Embedding.from_vocab_or_file(vocab:allennlp.data.vocabulary.Vocabulary, embedding_dim:int, num_embeddings:int=None, vocab_namespace:str='tokens', pretrained_file:str=None, projection_dim:int=None, trainable:bool=True, padding_index:int=None, max_norm:float=None, norm_type:float=2.0, scale_grad_by_freq:bool=False, sparse:bool=False) -> 'Embedding'

Similar to __init__, but does two functions on top of what's there: (1) if num_embeddings is not given, it checks the vocabulary for how many embeddings to construct; and (2) if a pretrained file is given, it loads weights from that file (while looking at the given vocabulary) and passes those weights to __init__.

We need the vocabulary here to know how many items we need to embed, and we look for a vocab_namespace key in the parameter dictionary to know which vocabulary to use. If you know beforehand exactly how many embeddings you need, or aren't using a vocabulary mapping for the things getting embedded here, then you can pass in the num_embeddings key directly, and the vocabulary will be ignored.

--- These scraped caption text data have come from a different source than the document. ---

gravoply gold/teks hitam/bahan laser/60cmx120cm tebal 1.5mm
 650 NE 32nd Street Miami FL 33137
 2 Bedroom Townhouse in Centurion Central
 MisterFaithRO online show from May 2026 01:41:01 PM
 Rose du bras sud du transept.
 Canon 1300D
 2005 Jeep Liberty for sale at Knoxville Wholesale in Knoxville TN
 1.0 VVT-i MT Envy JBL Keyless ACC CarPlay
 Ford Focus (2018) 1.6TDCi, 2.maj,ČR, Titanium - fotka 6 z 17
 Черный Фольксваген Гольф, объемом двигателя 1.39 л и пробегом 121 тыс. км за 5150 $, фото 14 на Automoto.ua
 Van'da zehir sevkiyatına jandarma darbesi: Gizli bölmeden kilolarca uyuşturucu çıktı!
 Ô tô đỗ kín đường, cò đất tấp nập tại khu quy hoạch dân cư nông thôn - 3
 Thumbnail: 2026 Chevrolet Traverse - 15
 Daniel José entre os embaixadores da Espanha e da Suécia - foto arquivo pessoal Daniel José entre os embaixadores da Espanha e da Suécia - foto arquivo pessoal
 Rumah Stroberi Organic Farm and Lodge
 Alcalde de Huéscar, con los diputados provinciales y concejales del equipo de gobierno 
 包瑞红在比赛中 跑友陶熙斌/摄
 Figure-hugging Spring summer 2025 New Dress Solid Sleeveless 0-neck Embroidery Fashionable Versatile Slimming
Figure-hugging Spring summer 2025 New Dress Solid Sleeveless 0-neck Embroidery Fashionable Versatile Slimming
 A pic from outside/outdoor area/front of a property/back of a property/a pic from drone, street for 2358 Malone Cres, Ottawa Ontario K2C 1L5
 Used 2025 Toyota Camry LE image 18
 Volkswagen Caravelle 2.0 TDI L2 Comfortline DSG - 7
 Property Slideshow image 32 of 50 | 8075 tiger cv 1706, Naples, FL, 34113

A file containing pretrained embeddings can be specified using the parameter "pretrained_file". It can be the path to a local file or an URL of a (cached) remote file. Two formats are supported:

* hdf5 file - containing an embedding matrix in the form of a torch.Tensor;

* text file - an utf-8 encoded text file with space separated fields::

        [word] [dim 1] [dim 2] ...

  The text file can eventually be compressed with gzip, bz2, lzma or zip.
  You can even select a single file inside an archive containing multiple files
  using the URI::

        "(archive_uri)#file_path_inside_the_archive"

  where `archive_uri` can be a file system path or a URL. For example::

        "(https://nlp.stanford.edu/data/glove.twitter.27B.zip)#glove.twitter.27B.200d.txt"

EmbeddingsFileURI#

EmbeddingsFileURI(self, /, *args, **kwargs)

EmbeddingsFileURI(main_file_uri, path_inside_archive)

main_file_uri#

Alias for field number 0

path_inside_archive#

Alias for field number 1

EmbeddingsTextFile#

EmbeddingsTextFile(self, file_uri:str, encoding:str='utf-8', cache_dir:str=None) -> None

Utility class for opening embeddings text files. Handles various compression formats, as well as context management.

Parameters

  • file_uri : str
  • It can be:

    • a file system path or a URL of an eventually compressed text file or a zip/tar archive containing a single file.
    • URI of the type (archive_path_or_url)#file_path_inside_archive if the text file is contained in a multi-file archive.
  • encoding : str

  • cache_dir : str

DEFAULT_ENCODING#

str(object='') -> str str(bytes_or_buffer[, encoding[, errors]]) -> str

Create a new string object from the given object. If encoding or errors is specified, then the object must expose a data buffer that will be decoded using the given encoding and error handler. Otherwise, returns the result of object.str() (if defined) or repr(object). encoding defaults to sys.getdefaultencoding(). errors defaults to 'strict'.